■ **Exercise brief**:
What is needed is the full set of records, word for word, with no pictures.

■ **Data records**:
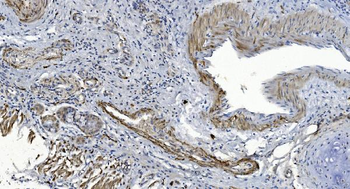 Anti-Alpha B Crystallin/CRYAB Antibody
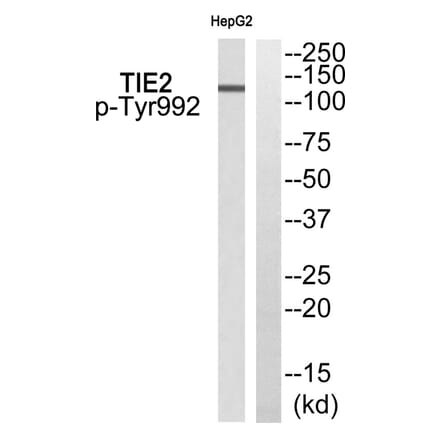 Western blot - TIE2 (Phospho-Tyr992) Antibody from Signalway Antibody (11756) - Antibodies.com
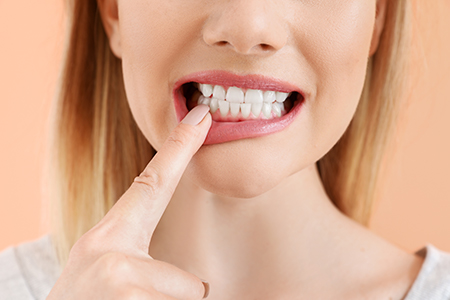 Florida Gardens Dental Center | Teeth Whitening, Oral Cancer Screening and Dental Fillings
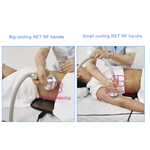 Korea Kühlung RF-Butt-Lift-Körpermodellierung Massage RF-Gesichtslifting Körperstraffungsgerät
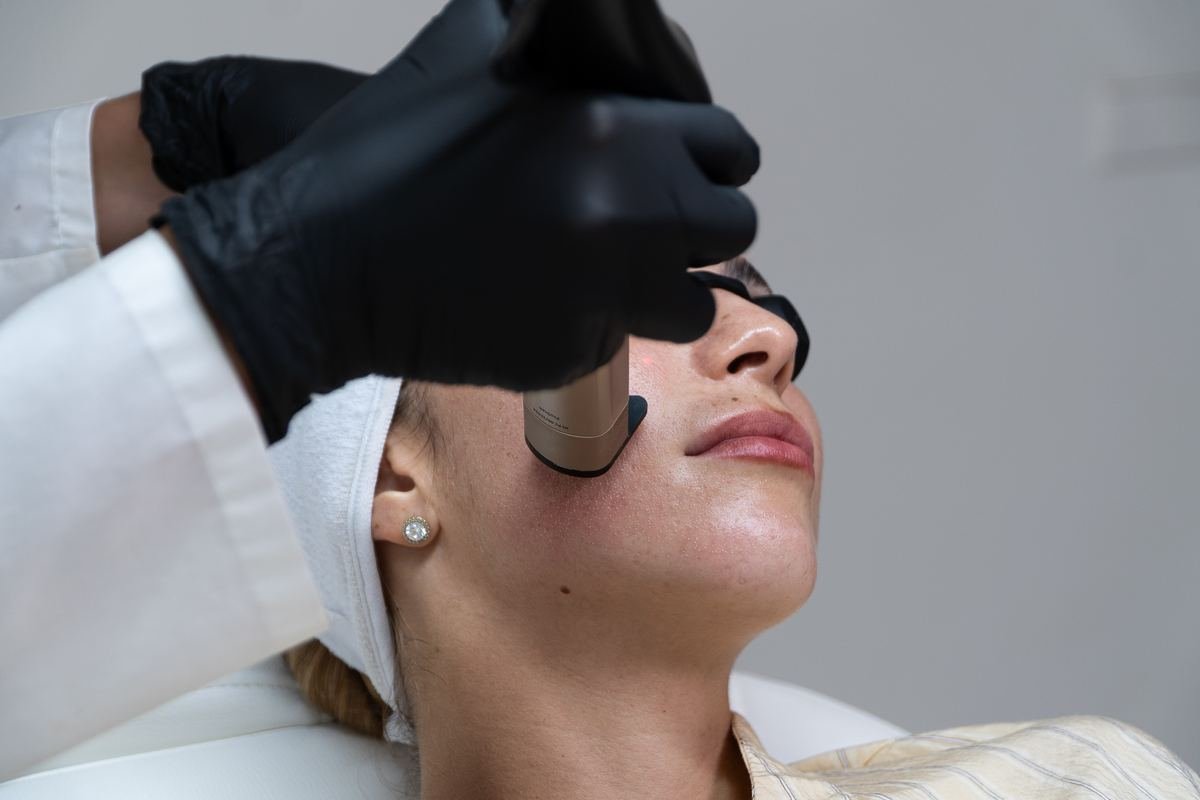 collagen-laser-1570-facial-section-2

■ **Task solution**:
 Anti-Alpha B Crystallin/CRYAB Antibody
 Western blot - TIE2 (Phospho-Tyr992) Antibody from Signalway Antibody (11756) - Antibodies.com
 Florida Gardens Dental Center | Teeth Whitening, Oral Cancer Screening and Dental Fillings
 Korea Kühlung RF-Butt-Lift-Körpermodellierung Massage RF-Gesichtslifting Körperstraffungsgerät
 collagen-laser-1570-facial-section-2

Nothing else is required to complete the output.